Marcus Robinson trace au nord-est et des contrées qui lui ont souvent porté bonheur. Dans l’État aux 10 000 lacs, le receveur s’offre une cure de jouvence de trois ans aux côtés de Nate Burleson et Randy Moss. Dans une attaque qui aime s’envoyer en l’air, il retrouve enfin des ambitions et découvre avec Daunte Culpepper les joies de courir après les pralines d’un quarterback bien établi et équipé d’une Grosse Bertha en guise de bras droit. Pendant deux premières belles saisons, dans l’ombre d’un Randy Moss électrisant qui aimante tout ce qui passe, Marcus amasse 1172 yards et marque treize fois. Le renouveau qu’il souhaitait. Sur le plan des ambitions, bilan mitigé. S’ils passent le premier tour en fessant les Packers dans leur congélateur à ciel ouvert en 2004 avant de subir la loi des Eagles malgré 5 catchs, 119 yards et un touchdown du numéro 87, les Vikings ratent le train pour les playoffs l’année suivante et Moss et sa tignasse hirsute se barrent en grandes pompes dans la baie de San Francisco. 

Actif, inactif, actif, inactif sans qu’on ne sache jamais trop pourquoi. En 2006, lorsqu’il a la chance d’être en uniforme, le receveur en profite pour claquer quatre touchdowns et entasse un peu moins de 400 yards. De beaux efforts que les pontes de Minneapolis vont récompenser en le coupant la veille de Noël.
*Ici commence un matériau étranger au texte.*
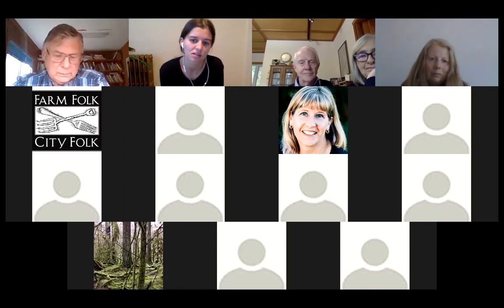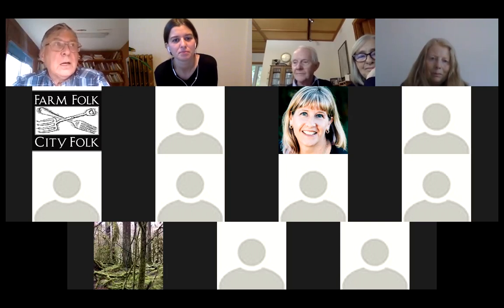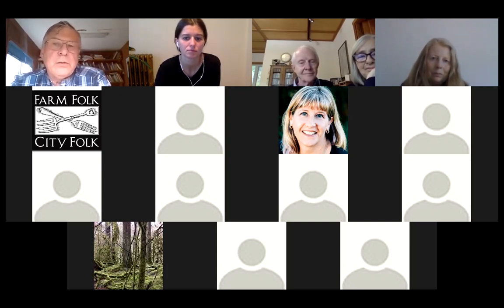Natasha asks how many people are required to run your farm. On the farm there's myself, my brother, and my aunt that you saw on the ATV — three people who operate the farm.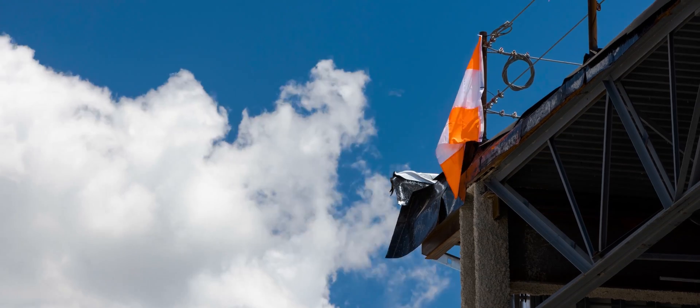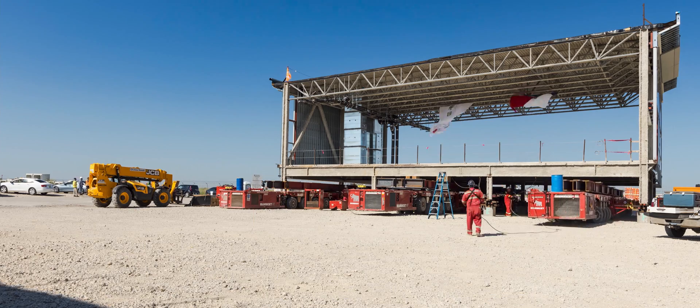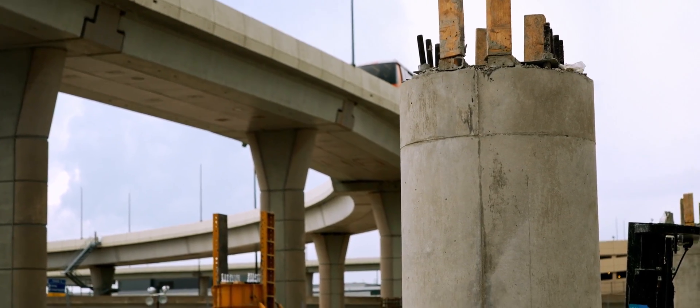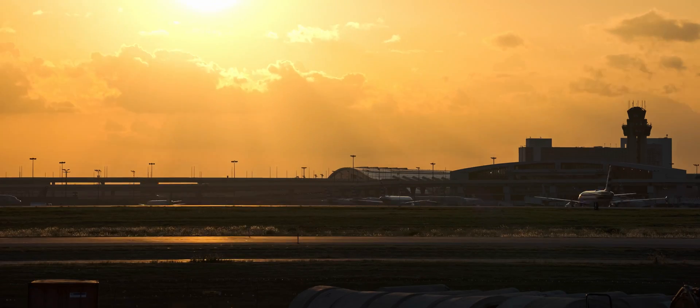In every construction professional's career, there are unique projects that really are hallmarks of their career. I have to say that this particular project has really brought fun back to the construction process. We have a fantastic team, a client that's allowed us the opportunity to try something very unique, and we're really excited to get started and start rolling the module across the airfield.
Aucune explication. Silence radio. Quelques jours après avoir déploré un « manque de communication » entre certains joueurs et Brad Childress, le head coach, il est flanqué à la porte sans un mot. Car finalement, peut-être avait-il raison. Et ce n’est pas Brad Johnson, quarterback relégué sur le banc après avoir regretté « ne jamais parler » avec son entraîneur. Jamais Marcus ne renfilera un maillot NFL le dimanche aprèm. En juin 2008, il paraphe un contrat d’un jour pour se retirer sous les couleurs des Bears. 

Trois ans plus tard, son mètre 93 trône au bout d’une rangée de lavabos, de miroirs, de fers à friser et de tout un tas d’appareils, d’instruments et de lotions. Au comptoir du salon de beauté familial de West Dundee, au nord-ouest, loin, très loin de downtown Chicago, Marcus prend les réservations, gère le calendrier et se charge des comptes de la petite entreprise. « Je ne fais pas les cheveux, » s’empresse-t-il de préciser à Mike Klingaman du Baltimore Sun. Quand il n’est pas au salon de coiffure, il pilote Bigtime Sports, sa compagnie d’entraînement destinée aux adultes comme aux ados où il recycle dix années de football à travers un programme d’entraînement atypique où des têtes blanches de soixante piges enchaînent les curls et les slants dans l’espoir d’entretenir leur corps flétrissant aussi longtemps que possible. Une façon de ne pas couper le cordon avec le football. Ce football qui l’aura fait grandir. Ce football qui l’aura fait traverser l’Atlantique. Ce football qui l’aura fait briller le temps d’une année avant de tomber dans le rang. A one-year wonder.